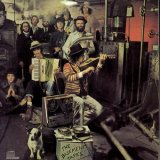 Bob Dylan - Genuine Basement Tapes  Vol. 1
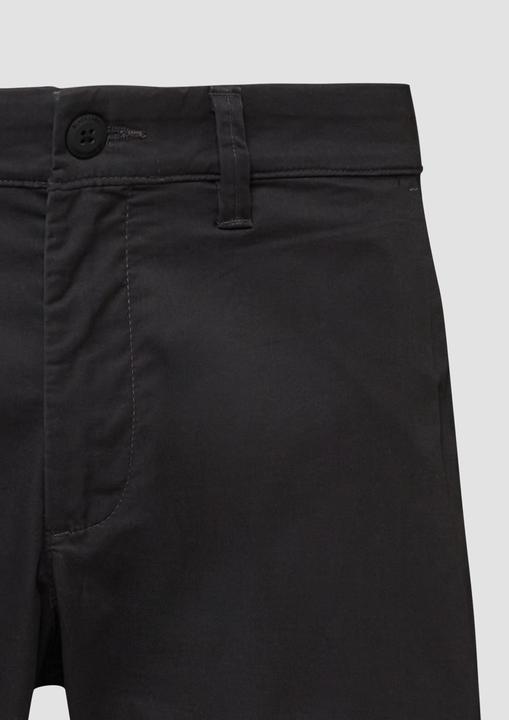 Produktbild s.Oliver Bermuda (56)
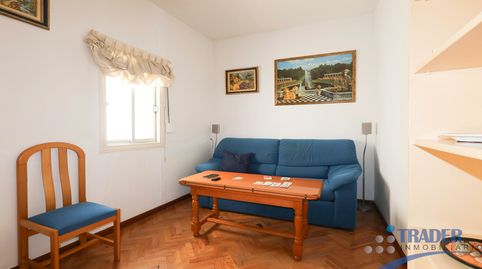 Photo 2 of Flat for sale in Comillas, Madrid Capital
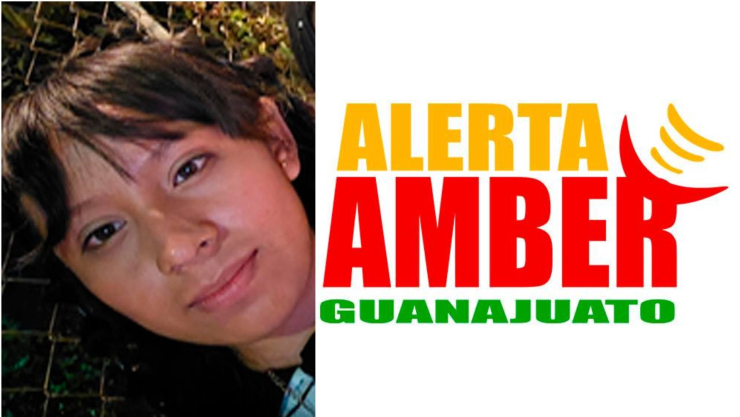 Búsqueda de Alma Paola Muñoz Ramírez en León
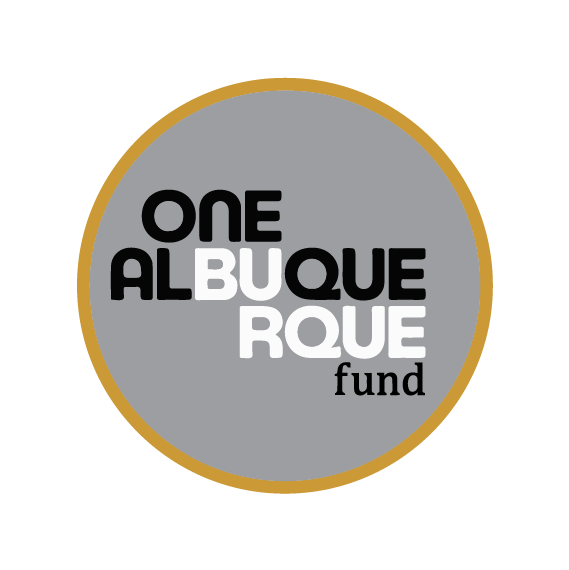 Tile: One ABQ Foundation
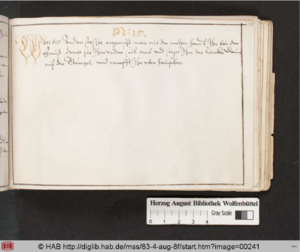 Cod.Guelf.83.4 Aug.8º 105ar.png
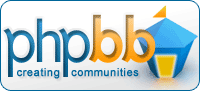 Stock Talk Forum Index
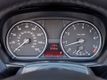 2008 BMW 1 Series 128i - 22922126 - 14
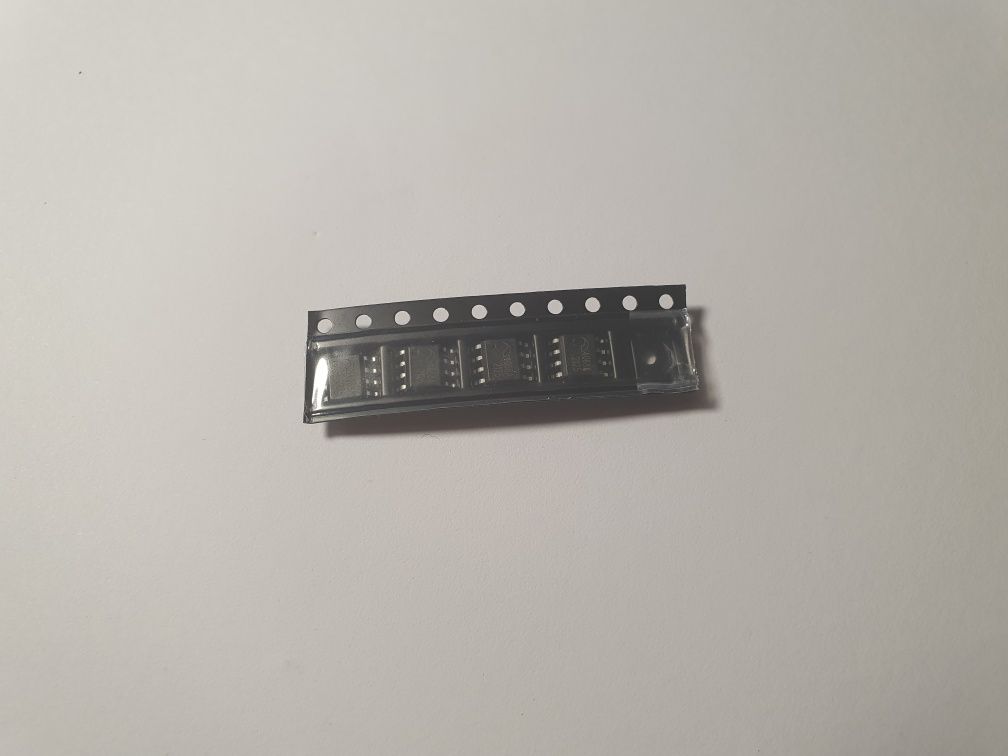 ME4068A ME4068ASPG me4068 4068A 4068А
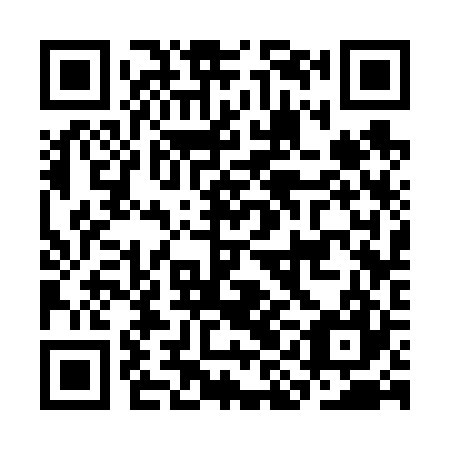 QR code for plate CIC-627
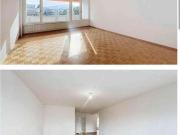 5.5 Zimmer, 115 m², 4. Stock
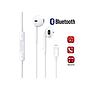 EarPods IPHONE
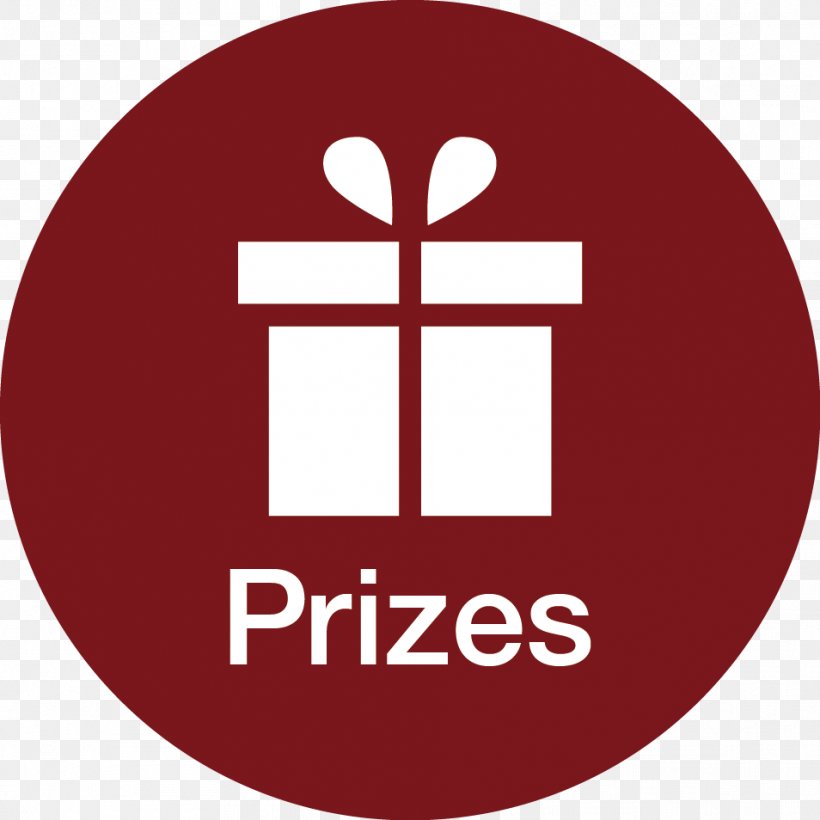 Prize Award Competition Gift, PNG, 954x954px, Prize, Area, Award, Brand, Competition Download Free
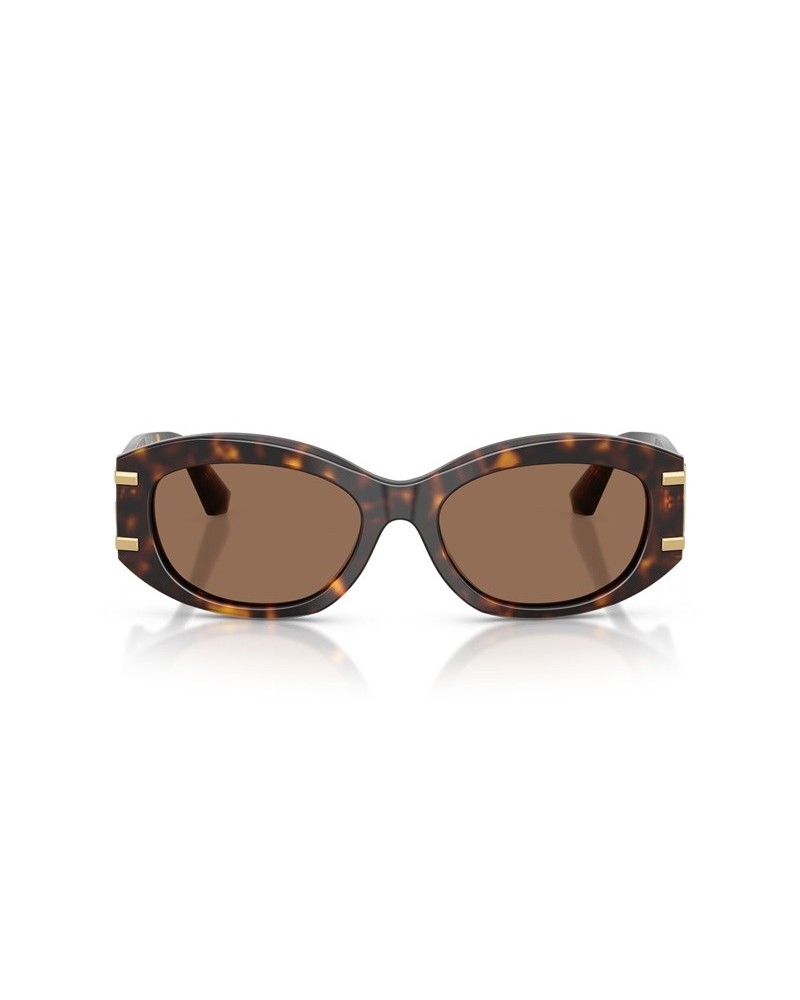 Dolce & Gabbana DG 4502 55 502/73
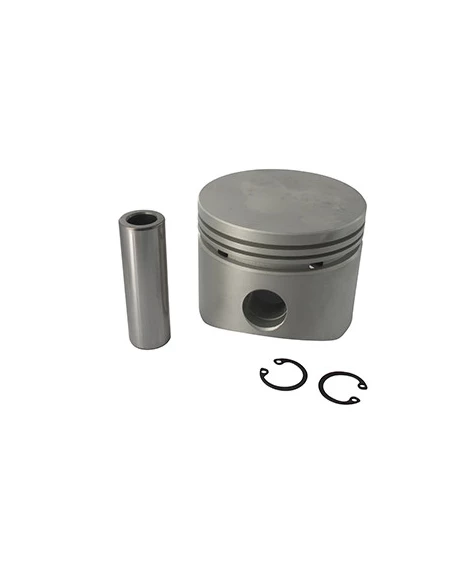 Piston adaptable pour moteur KOHLER 14 hp modèle K-321. Remplace origine: 47-874-14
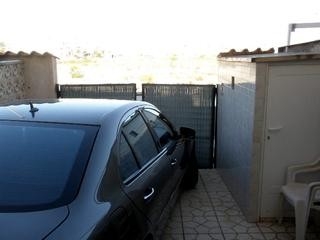 Punta Prima property: Alicante property | 2 bedroom Townhome 66181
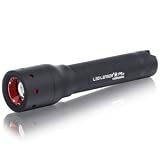 LED LENSER レッドレンザー LEDライト P5.2 9405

- **Exercise directions**
Restate the whole listing word for word. Omit the pictures.

- **Response to this exercise**
 Bob Dylan - Genuine Basement Tapes  Vol. 1
 Produktbild s.Oliver Bermuda (56)
 Photo 2 of Flat for sale in Comillas, Madrid Capital
 Búsqueda de Alma Paola Muñoz Ramírez en León
 Tile: One ABQ Foundation
 Cod.Guelf.83.4 Aug.8º 105ar.png
 Stock Talk Forum Index
 2008 BMW 1 Series 128i - 22922126 - 14
 ME4068A ME4068ASPG me4068 4068A 4068А
 QR code for plate CIC-627
 5.5 Zimmer, 115 m², 4. Stock
 EarPods IPHONE
 Prize Award Competition Gift, PNG, 954x954px, Prize, Area, Award, Brand, Competition Download Free
 Dolce & Gabbana DG 4502 55 502/73
 Piston adaptable pour moteur KOHLER 14 hp modèle K-321. Remplace origine: 47-874-14
 Punta Prima property: Alicante property | 2 bedroom Townhome 66181
 LED LENSER レッドレンザー LEDライト P5.2 9405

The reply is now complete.